2. Web-scrap the content and put them in a pandas data-frame.

3. Use regular expression and key-words to retrieve IT/Software related job/consultancy opportunities(Tenders).

4. Use EasyNMT to display the results in 50+ languages using wrapped state of art models.

5. Hosting of our work example in colab

In [11]:
!pip install -U easynmt

Looking in indexes: https://pypi.org/simple, https://us-python.pkg.dev/colab-wheels/public/simple/


In [12]:
!pip install fastapi pyngrok uvicorn nest-asyncio


Looking in indexes: https://pypi.org/simple, https://us-python.pkg.dev/colab-wheels/public/simple/


In [13]:
!ngrok authtoken 2HJPtUHZax33oDpfnK1fKxiDPEx_3rHCdzEEgw64LphudF92g


Authtoken saved to configuration file: /root/.ngrok2/ngrok.yml


In [14]:
# import Libraries 

import requests # for requesting a link
from bs4 import BeautifulSoup # to scrap information fron a web 
import pandas as pd # for data wrangling/manipulation 
import re # regular expression 
from easynmt import EasyNMT #for translation 
import json # to read json file
model  = EasyNMT('opus-mt') # for translation
from fastapi import FastAPI, Request #api 
from fastapi.responses import HTMLResponse

## Data Extraction 

## Job in Rwanda 

In [15]:
def DataExtraction(link):
  """ This function helps to extract data about job in rwanda given a link 
  
  Args
  ----
  link:str
      link of the page to be scrapped 

  returns
  -------
  df:dataframe
     a dataset containing all information 
  """
  content =  requests.get(link).content
  soup =  BeautifulSoup(content, "html.parser")


  # find all jobs
  list_of_jobs = soup.find_all('span',class_='field field--name-title field--type-string field--label-hidden')
  jobs_titles = [list_of_jobs[index].text for index in range(len(list_of_jobs))]

  # extract companies 
  content_ = soup.find_all('p',class_='card-text')
  companies = [content_[index].find('a')['href'].split('/')[-1] for index in range(len(content_))]

  # extract experience
  experience = [content_[index].text.split('\n')[-3].strip() for index in range(len(content_))]

  # extract published dates 
  published_dates = [content_[index].text.split('\n')[-6].strip().split(' ')[2] for index in range(len(content_))] 

  # extract deadlines 
  deadlines_list = soup.find_all('time',class_='datetime')

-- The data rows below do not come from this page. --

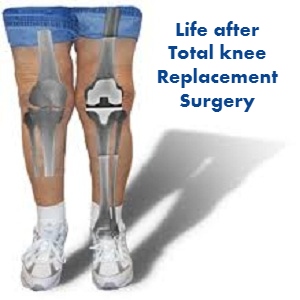 Life after Total knee Replacement Surgery (
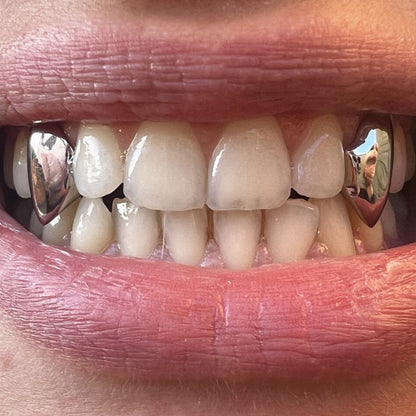 Vampire Fang Grillz close up 2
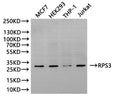 Western Blot, 
Positive WB detected in:MCF7 whole cell lysate(30µg), HEK293 whole cell lysate(30µg), THP-1 whole cell lysate(30µg), Jurkat whole cell lysate(30µg)
All lanes: RPS3 antibody at 1:1000
Secondary
Goat polyclonal to rabbit IgG at 1/40000 dilution
Predicted band size: 27 kDa
Observed band size: 27 kDa
Exposure time：180s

  deadlines = [deadlines_list[d].text for d in range(len(deadlines_list))]
  
  # job description
  descriptions = soup.find_all('div',class_='card-body p-2')
  descriptions_links = ['https://www.jobinrwanda.com'+descriptions[index].find('a')['href']for index in range(len(descriptions))]

  # type of the job
  types = [content_[index].find('span').getText() for index in range(len(content_))]
  
  # # creating empty lists 
  # location= []
  Sector = []
  position = []
  contract = []
  application_link = []
  description = []
  # iterate through list of description links 
  for link_ in descriptions_links:
    content_ =  requests.get(link_).content
    soup_ =  BeautifulSoup(content_, "html.parser")
    b= soup_.find('ul',class_="list-group list-group-flush").text
    c =  b.split('\n')
    # remove unnecessary white spaces 
    res = [ele for ele in c if ele.strip()]

    text ="\n".join([" ".join(line.split()) for line in res])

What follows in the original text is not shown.